In this article, I will summarize what I have learned about multithreading and describe it in order to deepen my understanding.
[Multithreading is the parallel flow of multiple processes when executing a single computer program. Also, such multiple processing flows. ](Http://e-words.jp/w/%E3%83%9E%E3%83%AB%E3%83%81%E3%82%B9%E3%83%AC%E3%83%83 % E3% 83% 89.html)

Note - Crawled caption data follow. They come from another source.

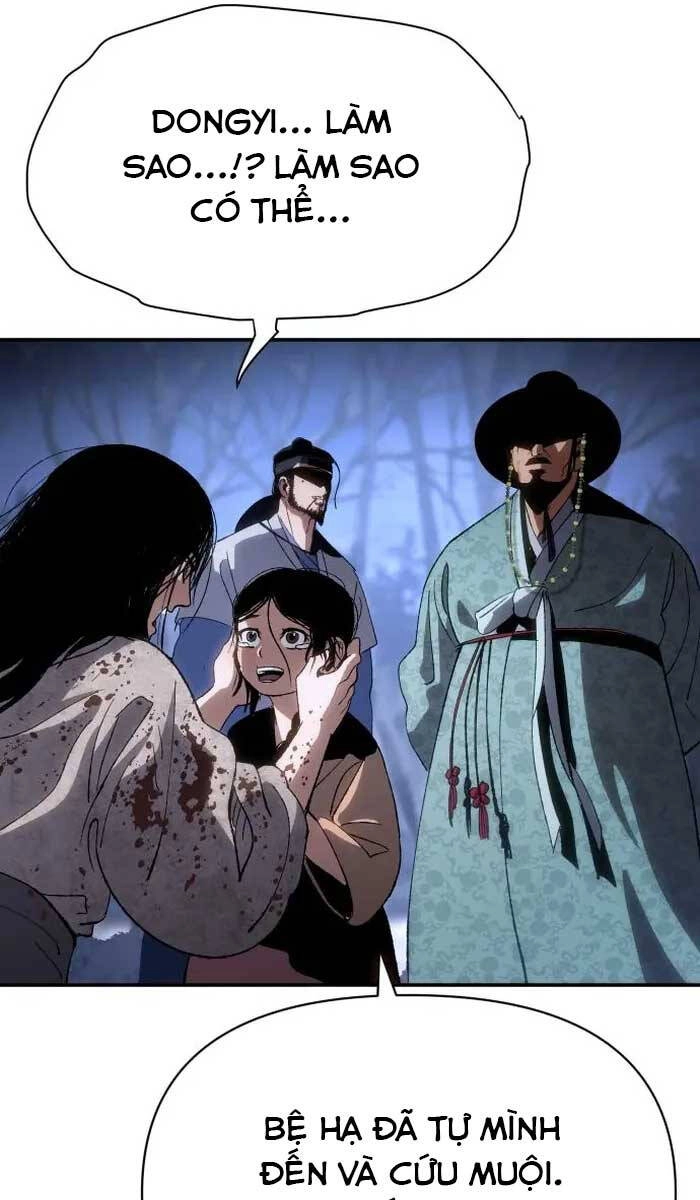 Ám Vệ Chapter 2.5 - 85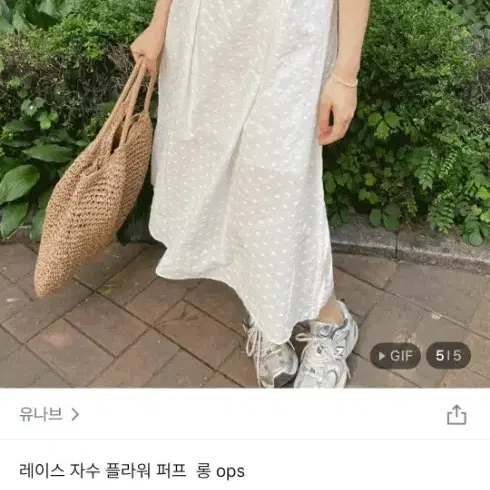 유나브 원피스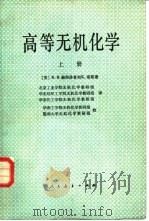 高等无机化学  上（1980 PDF版）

If you divide a program into threads, you can execute them in parallel while sharing the memory context. If no external resources are used, the speed will not increase even if multithreading is performed on a single core CPU. Multi-threading on a multi-core CPU improves the speed of the program by assigning each thread to a separate CPU and executing it in parallel at the same time.
The features are summarized from the viewpoint of simple definition, memory space, and context switch.
[A context switch is to suspend the process flow (process, thread) currently being executed by the computer's processing unit (CPU), switch to another one, and resume execution. ](Http://e-words.jp/w/%E3%82%B3%E3%83%B3%E3%83%86%E3%82%AD%E3%82%B9%E3%83%88 % E3% 82% B9% E3% 82% A4% E3% 83% 83% E3% 83% 81.html)
The context switch of the process needs to switch the memory address space, and this operation is a relatively expensive operation. The following materials were helpful https://code-examples.net/ja/q/530280 https://www.slideshare.net/ssuserc2d4c1/ss-124497965
As a result, the following features exist for each from the viewpoint of efficiency and reliability.
Compared to parallel processing by multiple processes, multithreading is more efficient because it generally shares memory space.
Since multithreading shares memory space, when certain data is used from parallel processing, it is necessary to protect the data from the processing being accessed. If multiple threads try to update one unprotected data at the same time, they will get into a race condition and an unexpected error will occur. You need to lock it to protect your data. It is difficult to use it properly to lock data.
On the other hand, since multi-process does not share memory space, the possibility of data corruption and deadlock that can occur in multi-thread is reduced.
[Global Interpreter Lock (GIL) is an exclusive lock to prevent the non-thread-safe code held by the thread of the interpreter in the programming language from being shared with other threads. ](Https://ja.wikipedia.org/wiki/Global interpreter lock)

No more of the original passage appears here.